# TO DO
Your answer should hold only the lines from the one with "Irene González, en" through the end of the records, repeated exactly and minus any pictures.

# INPUT MATERIAL
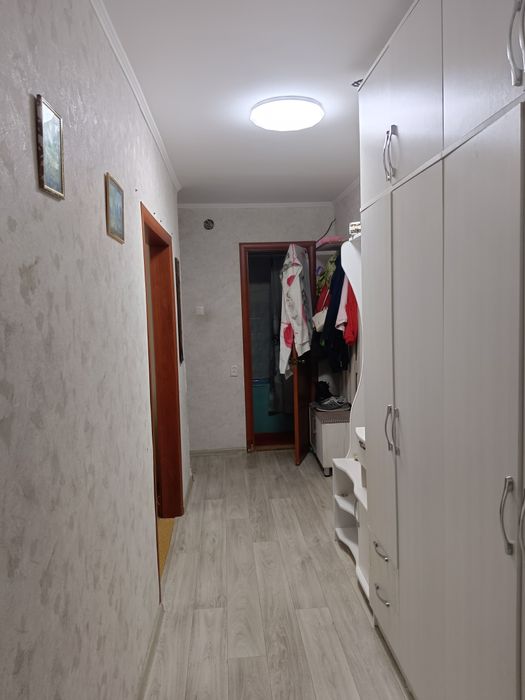 Продам 2 х комн, 5-8, 1 этаж.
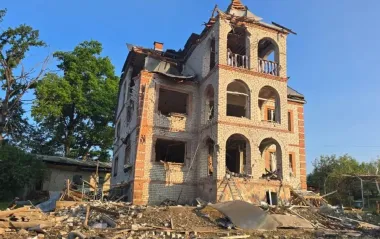 РФ завдала серії авіаударів по Купʼянську: пошкоджено понад 80 будинків (фото)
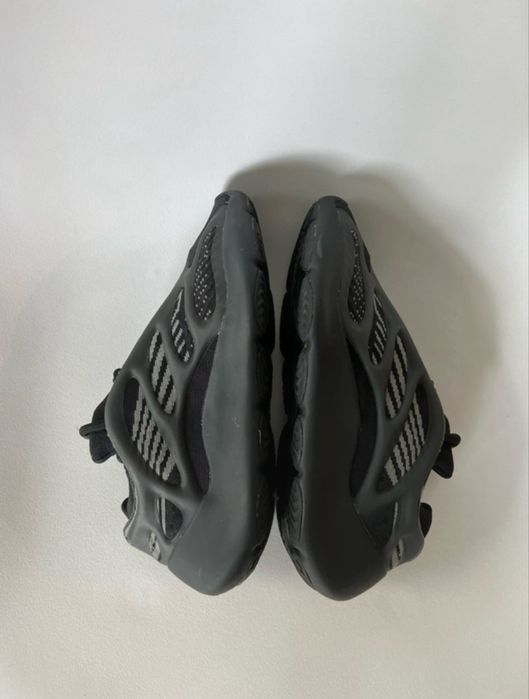 Buty Yeezy Boost 700 Adidas 38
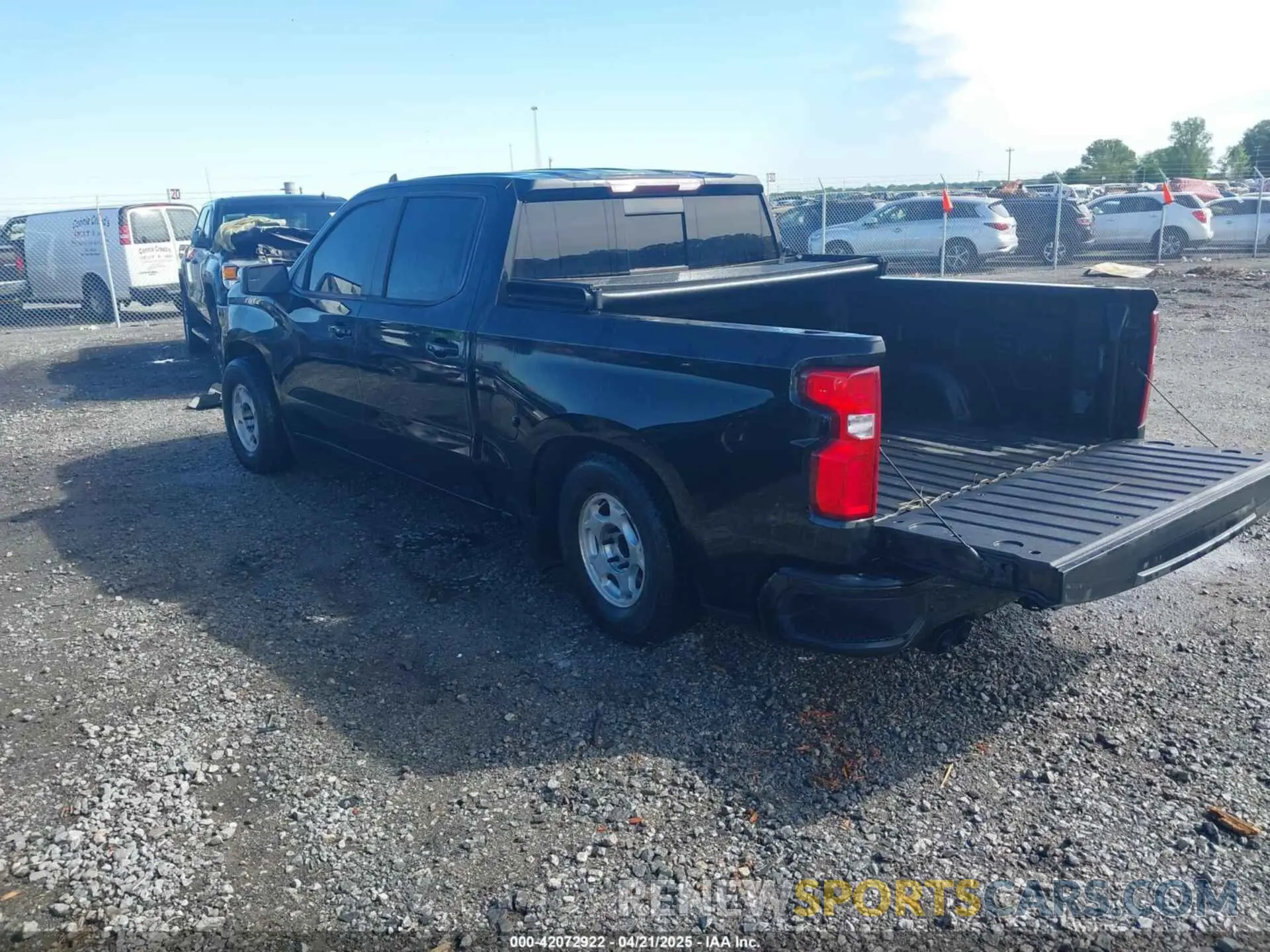 3 fotografías del automóvil dañado 1GCUYEEL6LZ378415 CHEVROLET SILVERADO 1500 2020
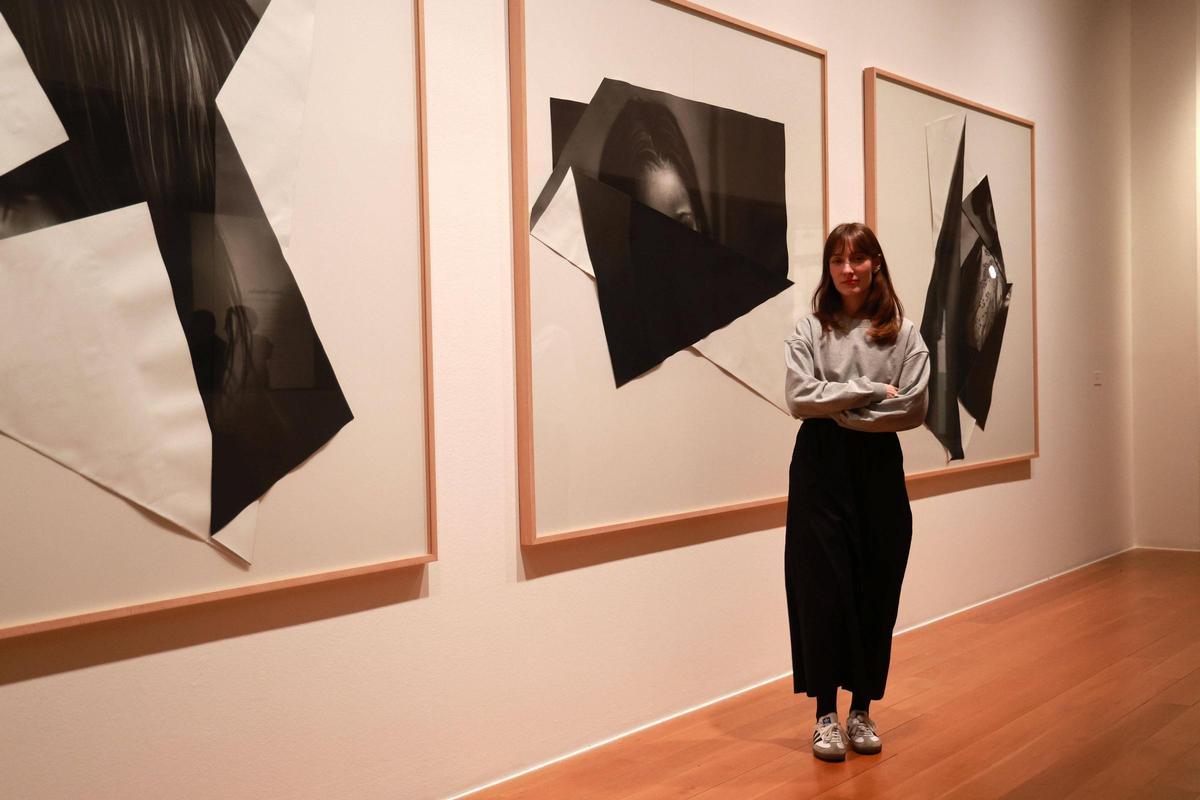 Irene González, en el MARCO, junto a varias de sus obras.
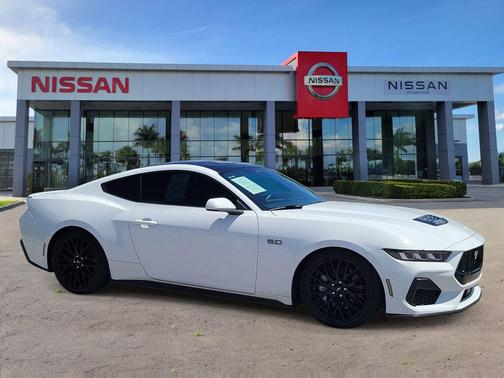 OXFORD WHITE 2024 Ford Mustang GT
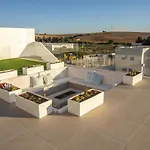 Royal Luxury With Private Infinity Pool, Hydromassage Area & Fireplace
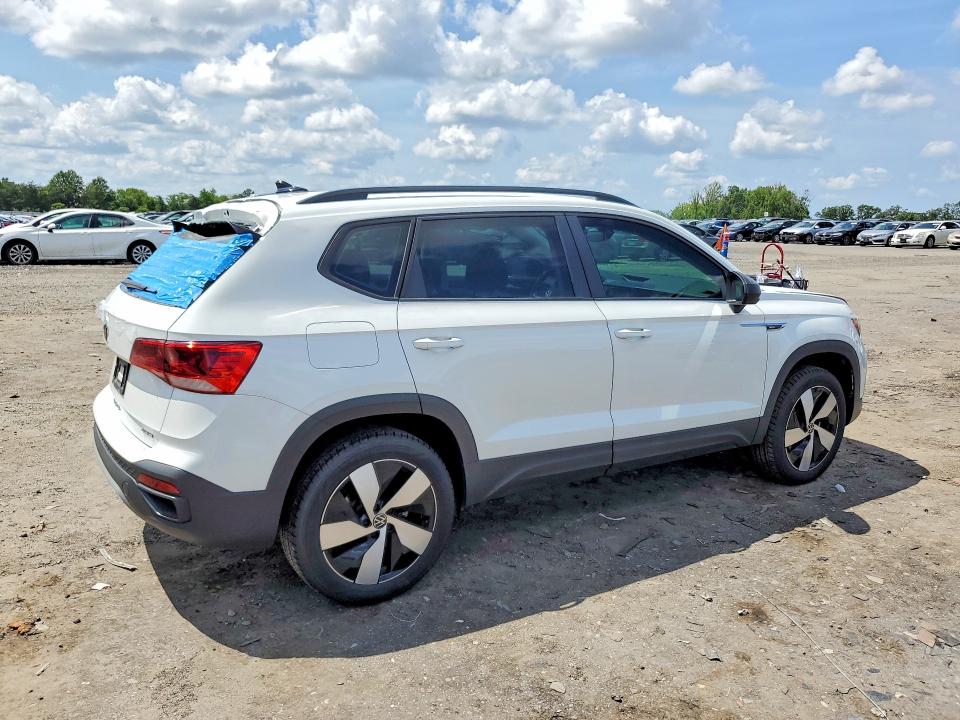 60466736 :رقم المزاد ، 3VV8X7B21RM063285 vin ، 2024 Volkswagen Taos مزاد بيع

# RESPONSE TO THE TASK
 Irene González, en el MARCO, junto a varias de sus obras.
 OXFORD WHITE 2024 Ford Mustang GT
 Royal Luxury With Private Infinity Pool, Hydromassage Area & Fireplace
 60466736 :رقم المزاد ، 3VV8X7B21RM063285 vin ، 2024 Volkswagen Taos مزاد بيع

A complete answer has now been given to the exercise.